## Your task
Everything in the records below from the line containing "Kobiety są jednak lepszymi dyplomatami" through the line containing "JIL SANDER Свитер мужской серый" is to be reproduced exactly, those two lines included; no picture is to be copied.

Start of Data shown

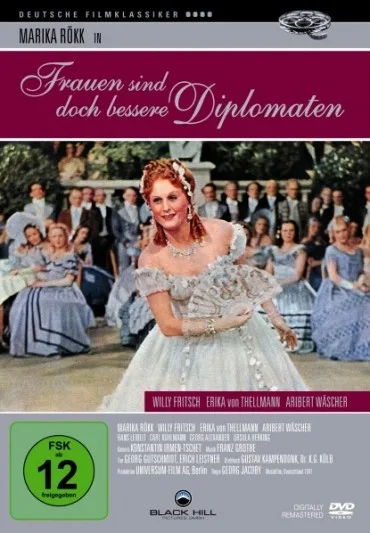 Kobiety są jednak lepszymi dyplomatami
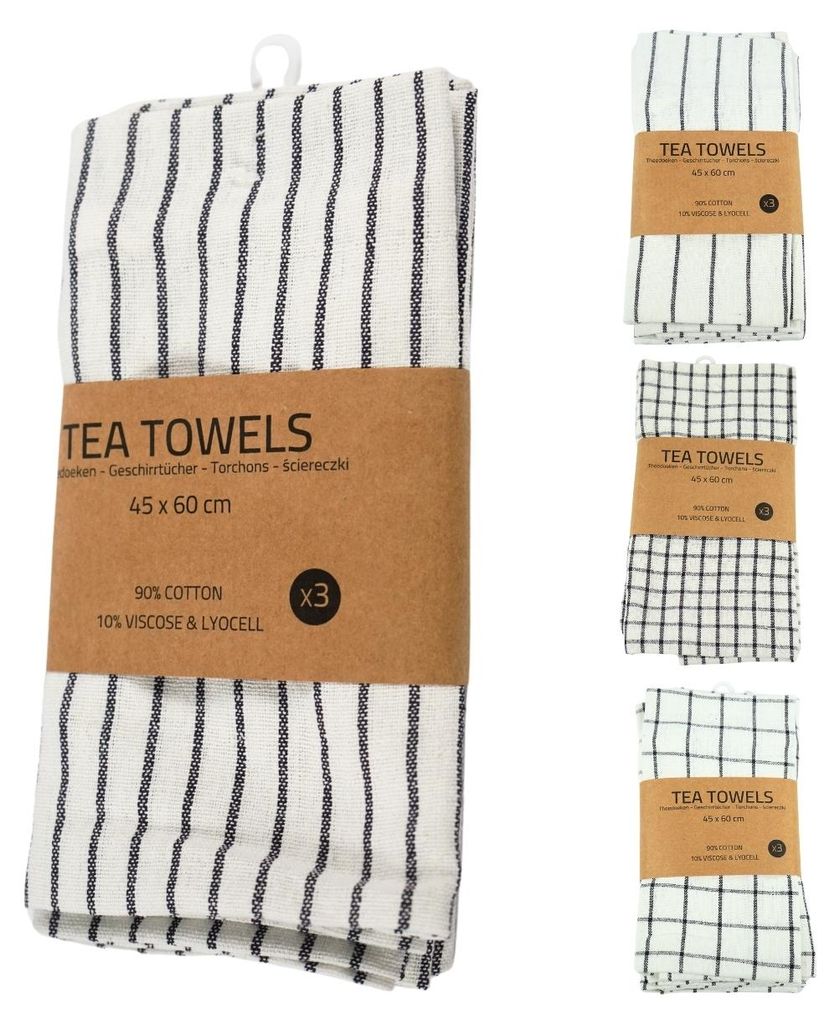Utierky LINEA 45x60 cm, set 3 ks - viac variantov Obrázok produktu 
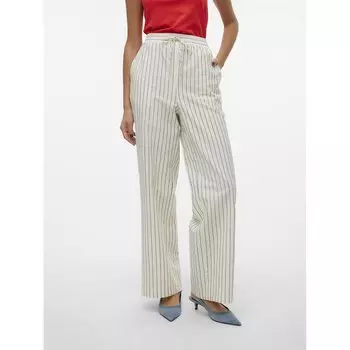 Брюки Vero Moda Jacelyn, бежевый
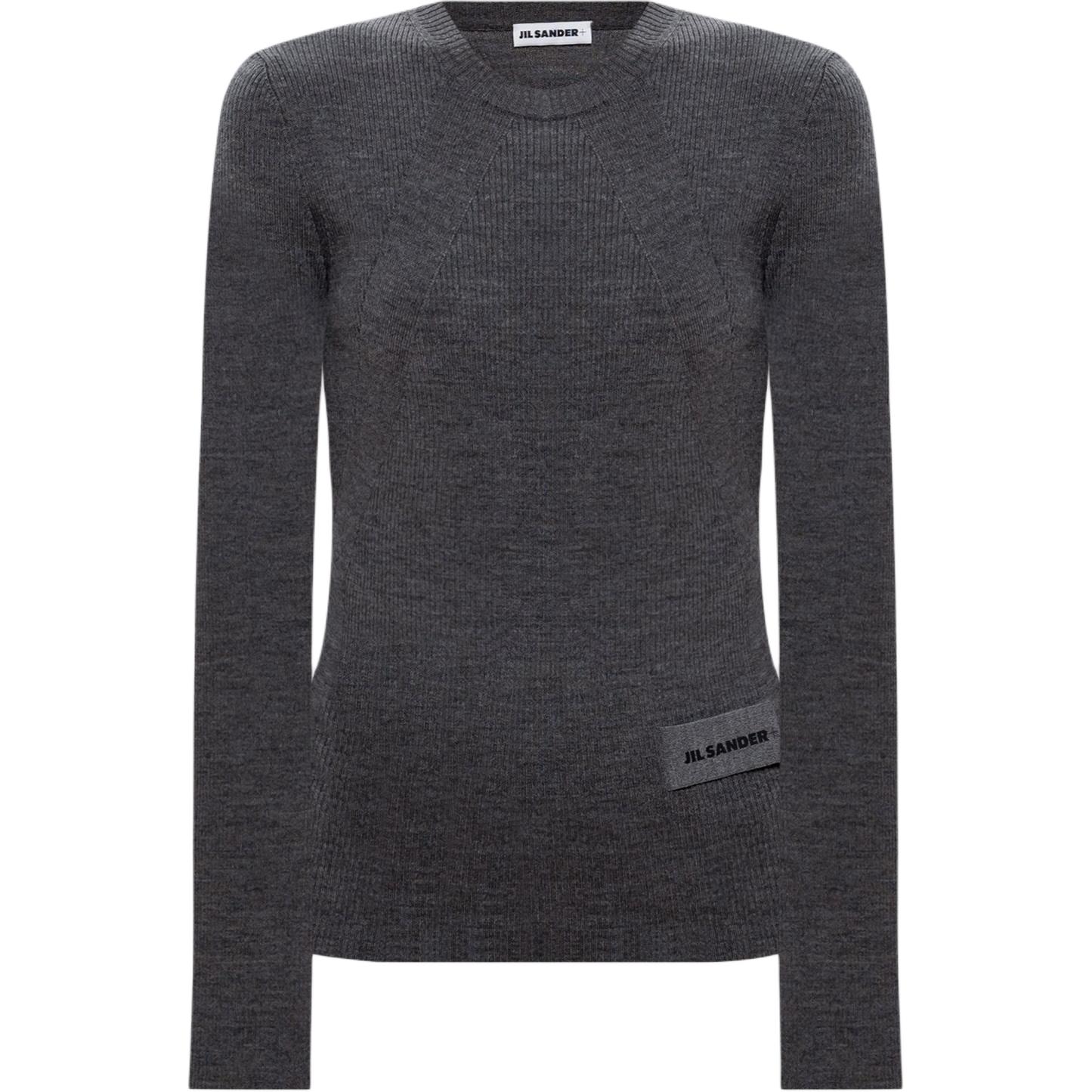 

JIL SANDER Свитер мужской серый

End of Data shown
Start of Data shown

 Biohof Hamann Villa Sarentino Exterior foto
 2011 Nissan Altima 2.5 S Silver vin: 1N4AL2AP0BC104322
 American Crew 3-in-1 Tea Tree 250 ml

End of Data shown

## Reply to the task
 Kobiety są jednak lepszymi dyplomatami
Utierky LINEA 45x60 cm, set 3 ks - viac variantov Obrázok produktu 
 Брюки Vero Moda Jacelyn, бежевый

JIL SANDER Свитер мужской серый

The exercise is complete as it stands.